District of Columbia updates
Here is the breakdown of positive COVID-19 diagnoses by ward in Washington, D.C., from the greatest to the least amount of positive cases:

Ward 4: 267
Ward 6: 255
Ward 7: 238
Ward 5: 210
Ward 8: 192
Ward 1: 183
Ward 2: 145
Ward 3: 128
Unknown: 42
-For a detailed breakdown of age, race and ward, go to the D.C. government's COVID-19 page.

-The D.C. Council passed relief for locals on Tuesday (April 7), including legislation that freezes rent hikes and bills that make it easier for inmates to be released early, according to The Washington Post. This legislation will become law once Democratic Mayor Muriel Bowser signs it.

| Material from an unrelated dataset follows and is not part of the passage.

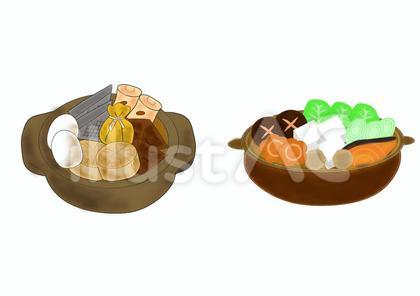 おでんと鍋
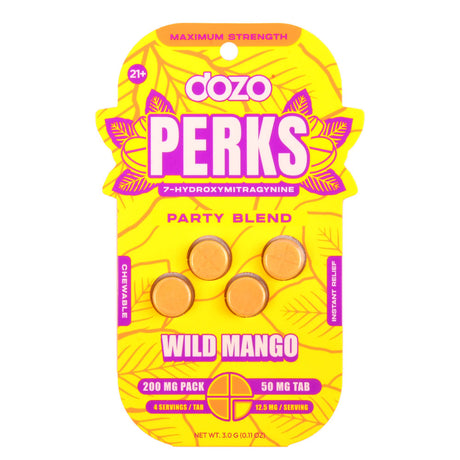 Dozo Perks Maximum Strength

-The District government has issued a stay-at-home order and mandated that all nonessential businesses close. Press Release Distribution Service Those exempt include places providing healthcare, food and essential supplies. If you suspect a nonessential business is still operating its brick-and-mortar location, call 311. 

-Gatherings of 10 people or more in the District is prohibited, according to a government news statement.

-Bowser has directed that $15 million of the District’s contingency cash reserve fund be used to buy ventilators, personal protective equipment, testing supplies, medical supplies and other necessary equipment  to fight COVID-19, the disease caused by the new coronavirus, according to a news statement from the government. 

-Public schools are closed in Washington, D.C. until at least April 24. If any children need free meals, they can visit any of these 16schools in Washington, D.C. 

-Many of D.C.'s landmarks are also closing to visitors, including Arlington National Cemetery, The Smithsonian Institution's museums and the National Zoo, according to CNN. In D.C., health spas, massage establishments and theaters will also shut shown, LaQuandra Nesbitt, the D.C. health director, told The Washington Post.

-To learn which city services and public transportation options are still available in Washington, D.C, go here.